Data for the task:
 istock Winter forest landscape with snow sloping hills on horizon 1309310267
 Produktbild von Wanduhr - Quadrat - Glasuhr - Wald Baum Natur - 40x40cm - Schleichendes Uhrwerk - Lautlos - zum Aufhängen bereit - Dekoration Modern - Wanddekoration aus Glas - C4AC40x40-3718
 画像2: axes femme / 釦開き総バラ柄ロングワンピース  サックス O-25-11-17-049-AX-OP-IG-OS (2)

==

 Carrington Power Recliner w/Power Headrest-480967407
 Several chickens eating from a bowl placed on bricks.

==

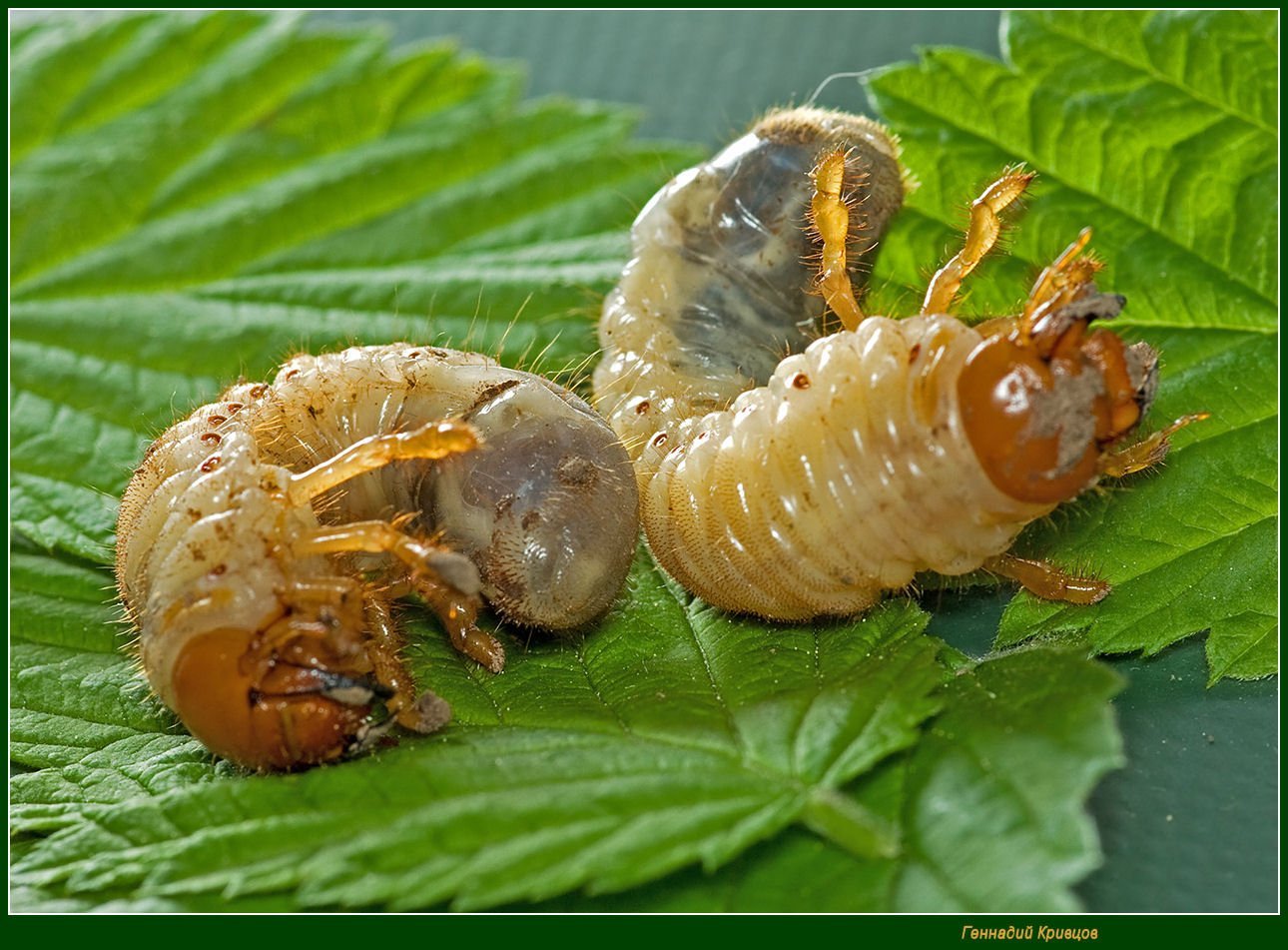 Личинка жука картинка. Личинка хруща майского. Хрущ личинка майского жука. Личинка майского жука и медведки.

Work request:
Could you reproduce exactly the lines of the entries above, from the one with "istock Winter forest" through the one with "画像2: axes femme", and nothing else?

Output of the task:
 istock Winter forest landscape with snow sloping hills on horizon 1309310267
 Produktbild von Wanduhr - Quadrat - Glasuhr - Wald Baum Natur - 40x40cm - Schleichendes Uhrwerk - Lautlos - zum Aufhängen bereit - Dekoration Modern - Wanddekoration aus Glas - C4AC40x40-3718
 画像2: axes femme / 釦開き総バラ柄ロングワンピース  サックス O-25-11-17-049-AX-OP-IG-OS (2)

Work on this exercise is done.